To be clear, I'm not saying I'm smarter than everyone. Far from it. The more I learn, the more I realize how dumb I am. I'm probably just a man of average intelligence who reads a lot of books and articles, and gets first-hand experience because I'm also a habitual writer both on and off this site. 

Why am I telling you this about myself? 

Because the more I interact with people, especially my own generation and Gen Z, the more I realize how lucky I am that I know my own language as well as I do, because others don't, and it shows in their knowledge, their lack of logical thinking, their reliance on emotions to guide them, not outcomes, and their struggles with abstract concepts. 

What inspired me to write about all this was a video I came across on YouTube by a young girl who started up a YouTube channel called "The War on Beauty." Unlike "modern" Gen Z girls, the beauty this one is concerned about is the beauty of Western culture. Her YouTube is full of videos discussing what's causing the West to decline and celebrating aspects of it that are worth holding up and preserving. 

The video that got my attention, however, was one titled "The past is a foreign language," where she details the societal angle of everything I just talked about above. People are losing the English language. They're not being taught how to use it properly; in fact, using it as you should is considered pompous and nerdy. It was my friend's older brother's attitude, but it spread across the Western world. 

And she makes an incredible point in her video. 

If we can't understand our language to the extent we should today, then we're definitely not going to understand the people who built our civilizations, the wisdom they held, their reasoning behind the decisions they made, and even the laws by which we function as a society. 

I'd encourage you to watch her video in full. It's about 11 minutes long, but she makes some incredible points about how our lack of understanding of our own language is actually helping to erode our civilization. We can't read our own laws, we can't imbibe the wisdom of those who came before, and we can't expand our imaginations through storytelling or think critically. 

What alarmed me in this video is that she points out an article called "The End of Reading Is Here" by The Atlantic, published earlier this month. In it, a Harvard assistant director claimed that a student was struggling to read a book written in "Old English." 

The book? 

"A Clockwork Orange." 

The student was apparently using ChatGPT to "translate" the book into easier words. 

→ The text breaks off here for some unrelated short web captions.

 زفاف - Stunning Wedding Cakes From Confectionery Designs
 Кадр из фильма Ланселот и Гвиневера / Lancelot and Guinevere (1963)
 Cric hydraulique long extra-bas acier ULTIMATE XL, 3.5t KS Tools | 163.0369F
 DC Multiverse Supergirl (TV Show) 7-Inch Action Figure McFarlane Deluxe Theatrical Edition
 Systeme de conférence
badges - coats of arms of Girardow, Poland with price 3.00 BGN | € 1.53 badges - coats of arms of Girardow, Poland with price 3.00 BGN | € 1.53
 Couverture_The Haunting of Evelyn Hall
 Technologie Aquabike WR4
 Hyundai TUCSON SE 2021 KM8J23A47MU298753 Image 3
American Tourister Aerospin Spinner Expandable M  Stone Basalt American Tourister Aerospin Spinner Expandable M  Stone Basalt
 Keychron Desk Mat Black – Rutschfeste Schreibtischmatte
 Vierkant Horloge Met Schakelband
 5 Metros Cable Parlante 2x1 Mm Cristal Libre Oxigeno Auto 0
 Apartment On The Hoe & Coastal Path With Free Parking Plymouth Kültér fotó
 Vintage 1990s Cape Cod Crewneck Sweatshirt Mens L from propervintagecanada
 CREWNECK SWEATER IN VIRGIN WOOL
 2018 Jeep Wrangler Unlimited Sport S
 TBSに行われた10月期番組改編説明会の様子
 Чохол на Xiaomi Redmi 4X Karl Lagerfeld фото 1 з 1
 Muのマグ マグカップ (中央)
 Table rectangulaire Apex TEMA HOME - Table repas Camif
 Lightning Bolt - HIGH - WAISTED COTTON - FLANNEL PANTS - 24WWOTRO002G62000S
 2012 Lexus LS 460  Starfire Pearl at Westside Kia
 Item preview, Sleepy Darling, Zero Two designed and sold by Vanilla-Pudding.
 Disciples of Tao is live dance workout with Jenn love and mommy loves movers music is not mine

Language naturally shifts and changes over time. In 500 years, the way I'm speaking now may sound pretty archaic, but I fear that the change won't have happened because our speech evolved, but that it will become less than what it is. That we bred people less willing to embrace the incredible intellectual power of the English language, which helped build incredible wonders the world has never seen before, so they could be "like folks." 

If that's the case, I have to wonder if we'll ever see that kind of advancement again.